Birincisi, Türkiye’de kapitalist üretim biçiminin diğer üretim biçimlerine hakim hale gelmiş olduğu fikri, ikincisi, işçi sınıfının devrimde önderliği fikri, üçüncüsü, legal partili sosyalist mücadelenin olanaklı ve gerçekçi olduğu fikri, Dördüncüsü, devrimin silahlı halk savaşı yolunun veya devlet darbesi yolunu temel mücadele biçimi olarak alamayacağı fikri.
Bilindiği gibi, daha sonraki dönemde ilk legal partiyi Kıvılcımcıların bir kolu olan TSİP kurmuş, ardından 1975 te ikinci TİP kurulmuş, daha sonra Aydınlıkçı akım, 1978’de TKİP’i kurmuştu.
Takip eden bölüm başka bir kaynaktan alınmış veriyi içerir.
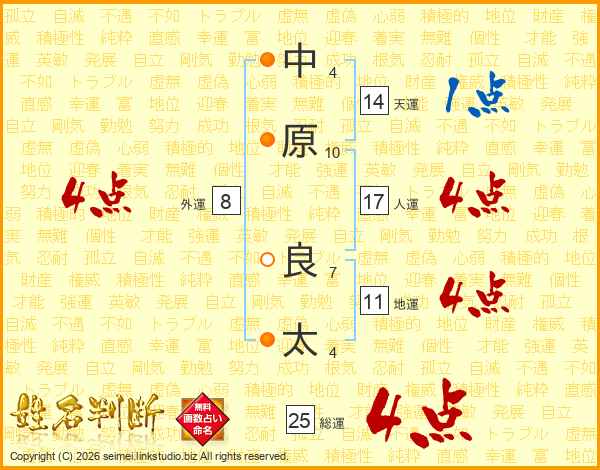 中原良太さんの運勢 姓名判断 名前の画数から無料で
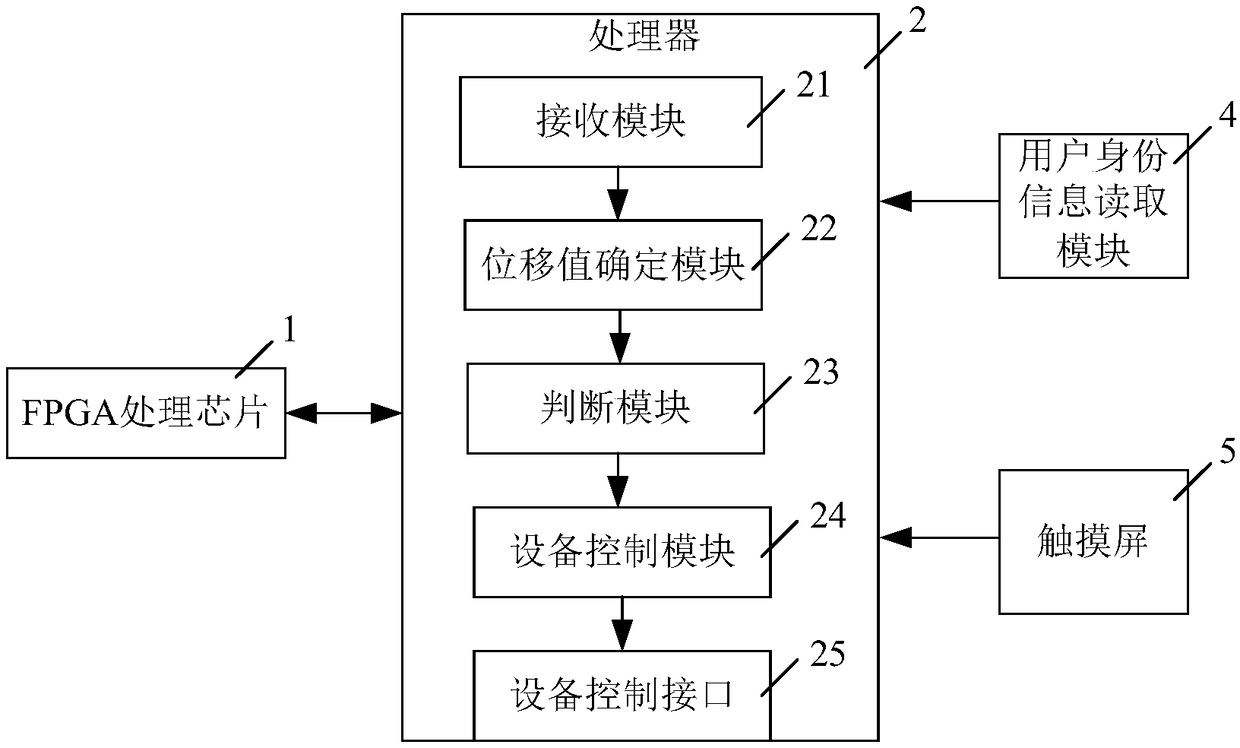 Control system and method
Dünya sosyalist akım içindeki büyük çatışma ve bölünmenin (ÇKP-SBKP) bu tartışmaya etkisi ne oldu ?
Her iki kutup da dünyanın her köşesinde olduğu gibi Türkiye’deki akımları da kendi yanına çekmeye çalışmıştı, fakat bu çatışma, söz konusu tartışmaya belirleyici bir etki yapmadı. Bununla birlikte Sovyetler Birliği Komünist Partisi’nin özellikle TKP, TSİP ve TİP üzerinde bazı açılardan olumsuz etkilerde bulunduğu söylenebilir, fakat yine de başarısızlıklarda asıl sorumluluğu Sovyet etkisine bağlayamayız.
Büyük çatışma ve bölünme (ÇKP-SBKP) daha sonraki dönemde MDD ciler arasındaki ayrışmalarda önemli oldu ve daha sonra da etkili olmaya devam etti. Büyük çatışma ve bölünme (ÇKP-SBKP) asıl büyük etkisini 1970li yılların sonları ve 80’li yıllarda gösterdi. ÇKP ciler, Sovyetçiler, Troçkistler, İki tarafa da karşı çıkanlar, Arnavutlukçular gibi bölünmeler ortaya çıktı. Aydınlıkçılar da 1978’den itibaren ÇKP konusunda bölündüler, genel olarak ÇKP’deki yeni çizgiye karşı çıktılar, eski hatalı “sol” ÇKP çizgisini savundular, ÇKP’nin Yugoslavya ve Doğu Avrupa ve Batı Avrupa komünistleri ile ilişkilerini düzeltme adımlarına karşı çıktılar.